The Beatles are not overrated. On the contrary, they truly deserved the hype. Are their songs overplayed? Maybe. But their contribution to rock ‘n roll and music in general cannot be stated enough. To pay homage to these four brilliant musicians who changed the rock soundscape, here are eight things they pioneered:

1. They’re the first to perform a sold-out show at a massive stadium.

The Fab Four made history on August 15, 1965 at Shea Stadium in New York City in front of 55,600 fans – the largest attendance in a concert at the time.

“Now we were playing stadiums! There were all those people and just a tiny PA system – they couldn’t get a bigger one,” Ringo Starr recalled. “We always used to use the house PA. That was good enough for us, even at Shea Stadium. I never felt people came to hear our show – I felt they came to see us. From the count-in on the first number, the volume of screams drowned everything else out.”

2. They’re the first to broadcast their performance live.

“Our World” was broadcast on June 25, 1967. It was the world’s first live television satellite show. John Lennon wrote “All You Need is Love” specifically for it, and although they recorded the rhythm track and some basic vocals, they performed most of it live including the vocals, bass guitar, guitar solo, drums, and even the orchestra.

3. They brought a studio technique called “loops” to mainstream rock.

It was Paul McCartney who experimented with the tape reels.

“People tend to credit John with the backwards recordings, the loops and the weird sound effects, but the tape loops were my thing,” Macca said. “The only thing I ever used them on was ‘Tomorrow Never Knows’… I think it is a great solo.”

4. They did the guitar feedback before it was cool.

It happened accidentally in the recording studio – at least, that’s what the band claimed because apparently, it went against the strict recording policies of Parlophone. But, they actually had it even during the first take. And this happened before Jimi Hendrix made the technique more famous.

“That’s me completely. Including the electric guitar lick and the record with the first feedback anywhere,” Lennon explained. “I defy anybody to find a record – unless it’s some old blues record in 1922 – that uses feedback that way. I mean, everybody played with feedback on stage, and the Jimi Hendrix stuff was going on long before.”

“So I claim it for The Beatles,” he added. “Before Hendrix, before The Who, before anybody. The first feedback on any record.”

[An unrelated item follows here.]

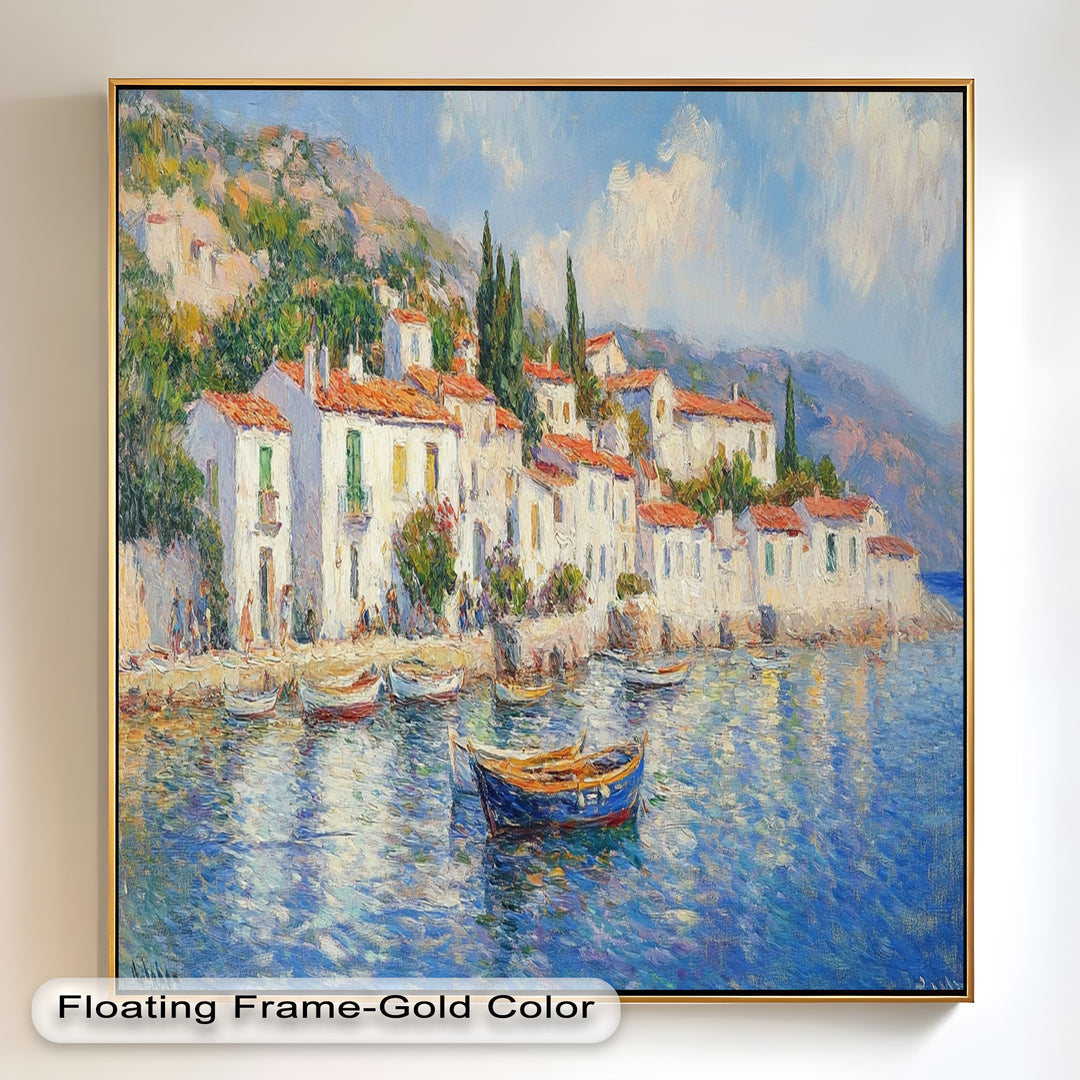 Sunlit Mediterranean Village – Coastal Impressionist Oil Painting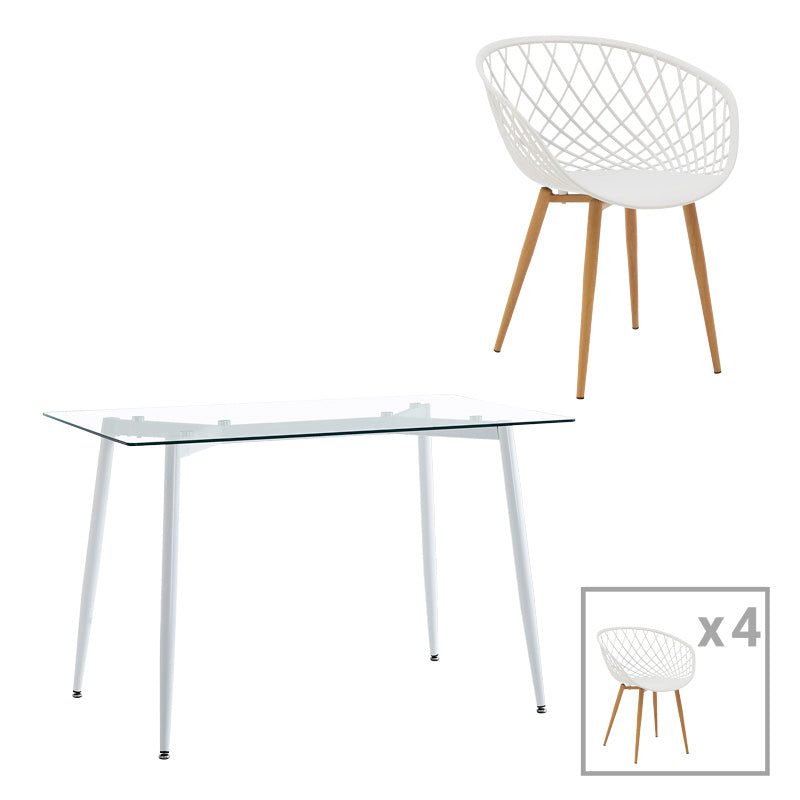 Quana-ezra трапезна маса комплект от 5 части стъкло 8мм прозрачно - бял крак 120x70x75см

5. They used backmasking first.

“Rain” is popular among Beatles fans for being their greatest b-side. One of the highlights was Lennon’s backwards vocals towards the end. According to him, it resulted from a stoned accident.

“I listened to what I’d recorded that day. Somehow I got it on backwards and I sat there, transfixed, with the earphones on, with a big hash joint,” he told David Sheff. “I ran in the next day and said, ‘I know what to do with it, I know… Listen to this!’ So I made them all play it backwards. The fade is me actually singing backwards with the guitars going backwards.”

6. They made the first music video.

Even before MTV launched, the Beatles were already ahead of everyone else. They filmed the first music videos for promotional purposes, and they were all made out of necessity. They had become so popular that playing in front of crowds was becoming more and more challenging.

“They thought it’d be a good idea if they made their own videos,” director Michael Lindsay-Hogg said. “Then they wouldn’t have to appear themselves. They could just ship them all over the world.”

7. They’re the first to incorporate Indian instrumentation into Western pop music.

“Norwegian Wood” was a landmark record because it was the first to feature the sitar. At the time, George Harrison fell in love with Indian music, so he bought a sitar at a shop in Oxford Street.

“We would usually start looking through the cupboard to see if we could come up with something, a new sound, and I picked the sitar up – it was just lying around,” he said. “I hadn’t really figured out what to do with it. It was quite spontaneous: I found the notes that played the lick. It fitted and it worked.”

8. They pioneered the use of artificial double tracking.

It was developed by Ken Townsend, a recording engineer at EMI’s Abbey Road Studios. It was at the request of Lennon who got tired of double tracking during the recording sessions.